Once you have written/debugged the code for the Point class, define the general pnamedtuple function, which when given the appropriate arguments (for the Point class: pnamedtuple('Point', 'x y')) constructs a huge string that contains exactly the same code as the Point class that you wrote. Much of the code from your Point class will be turned into strings and made generic: generalized for calls to pnamedtuple with different arguments. Use the .format method to replace the generic parts with the actual strings needed for the class being defined.

Download the program3 project folder and use it to create an Eclipse project. Read and run the miniexample.py module, which performs a similar but simpler task: it illustrates how to write the keep function as a small string. All the elements needed to write the pnamedtuple function appear in here in a simplfied form (see especially the call to the join function). Put your pnamedtuple in the pcollections.py module, which can be tested in the standard driver or by writing code in the script at the bottom of the pcollections.py module.

I recommend that you work on this assignment in pairs, and I recommend that you work with someone in your lab section (so that you have 4 hours each week of scheduled time together). These are just recommendations. Try to find someone who lives near you, with similar programming skills, and work habits/schedule: e.g., talk about whether you prefer to work mornings, nights, or weekends; what kind of commitment you will make to submit program early.

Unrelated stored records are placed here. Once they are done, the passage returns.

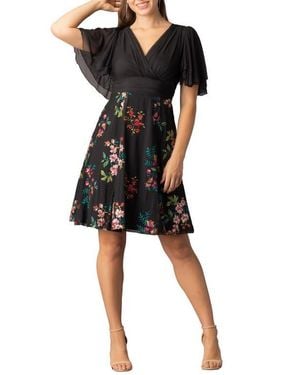 Kiyonna Lillian Embroidered Cocktail Dress - Black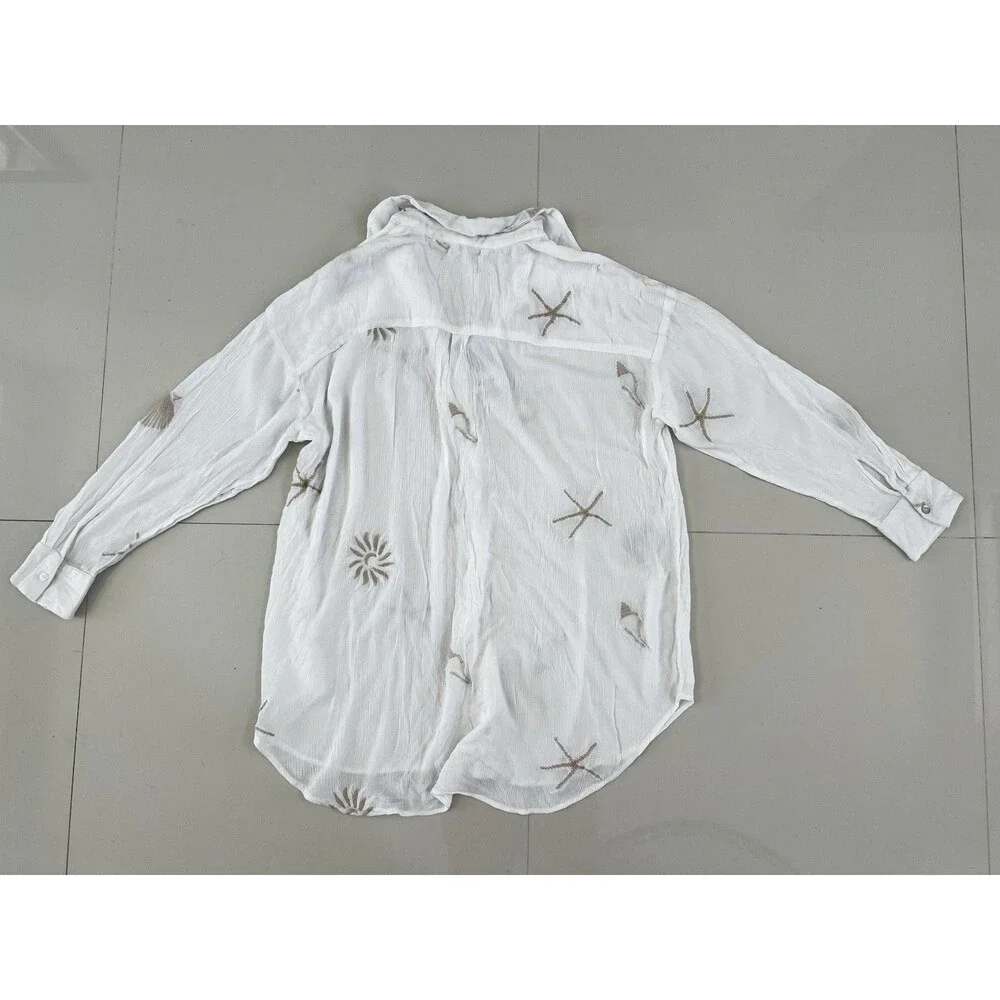 Beach Swimsuit Cover Up Button Down Shirt Embroidered Shell Boho Vacation NEW L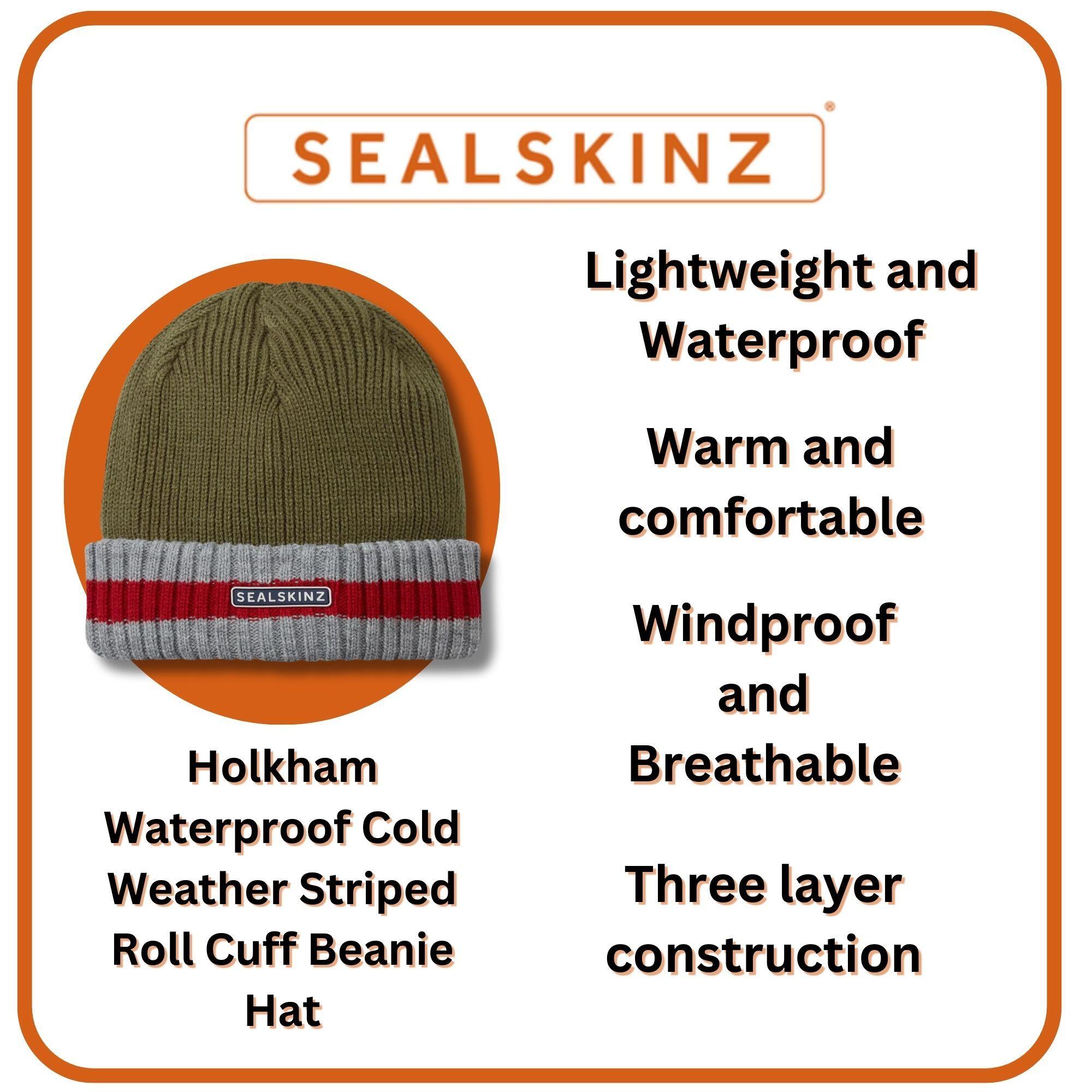 Mens & Ladies Waterproof Cold Weather Striped Roll Cuff Beanie Hat 3/3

Only one student should submit all parts of the the assignment, but both students' UICnetID and name should appear in a comment at the top of each submitted .py file. A special grading program reads this information. The format is a comment starting with Submitter and Partner (when working with a partner), followed by a colon, followed by the student's UCInetID (in all lower-case), followed by the student's name in parentheses (last name, comma, first name -capitalized appropriately). If you omit this information, or do not follow this exact form, it will require extra work for us to grade your program, so we will deduct points. Note: if you are submitting by yourself, and do NOT have a partner, you should OMIT the partner line and the "...certify" sentence.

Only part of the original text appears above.